* Exercise goal:
Transcribe exactly the lines from the top of the records below through the line that holds "Vita Sackville-West Quotes: Forget", both included, with no pictures.

* Data:

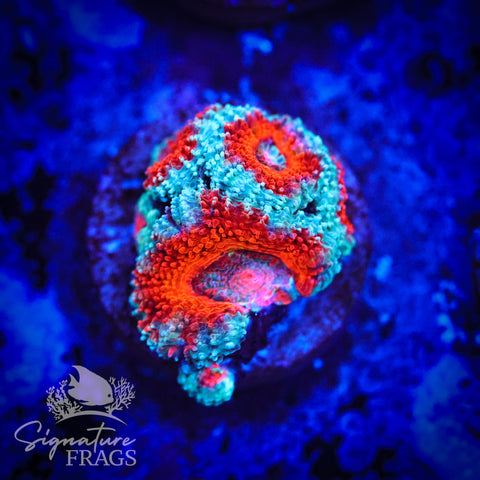Blue Rim Rainbow Micromussa Lord (Acan Lord)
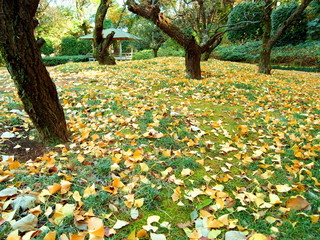 銀杏の枯葉散る公園風景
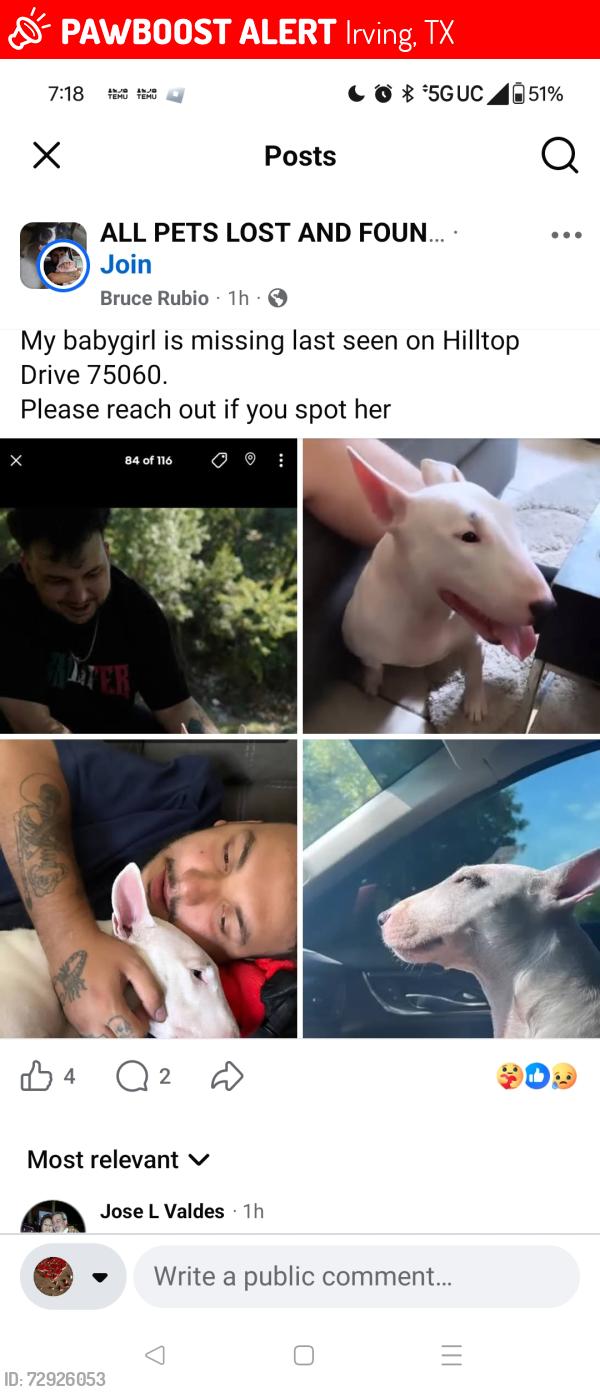 Lost Female Dog last seen Hilltop and Shady Grove , Irving, TX 75060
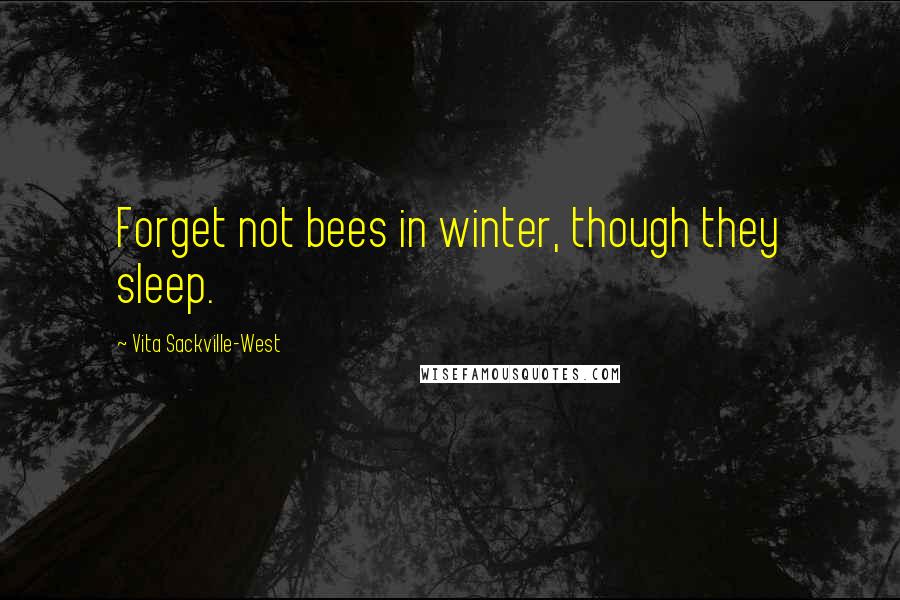 Vita Sackville-West Quotes: Forget not bees in winter, though they sleep.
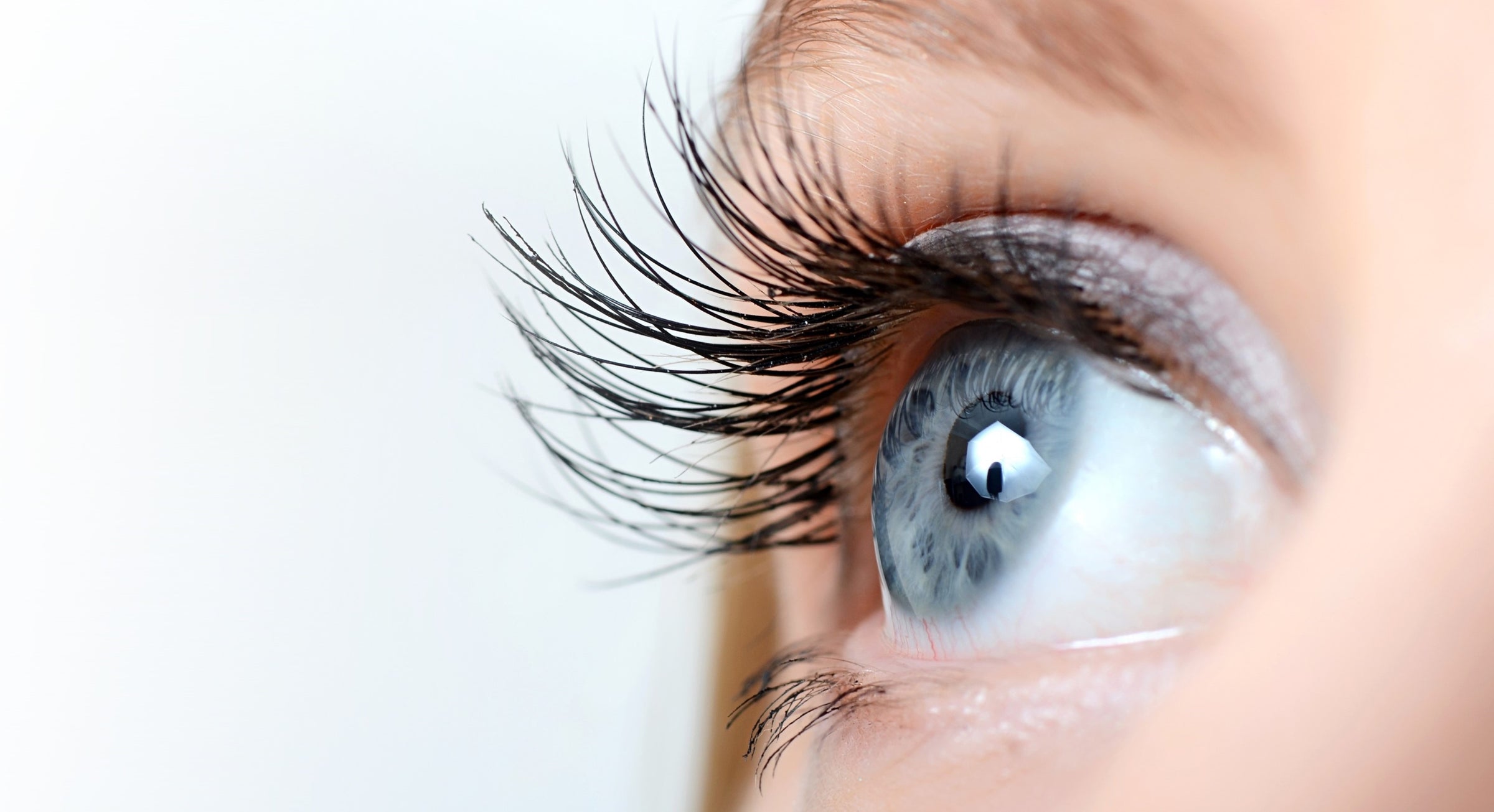 dermaworks spectaculash eye lash growth serum in just weeks fuller thicker longer lashes fast castor oil alternative to false lashes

* Response box:
Blue Rim Rainbow Micromussa Lord (Acan Lord)
 銀杏の枯葉散る公園風景
 Lost Female Dog last seen Hilltop and Shady Grove , Irving, TX 75060
 Vita Sackville-West Quotes: Forget not bees in winter, though they sleep.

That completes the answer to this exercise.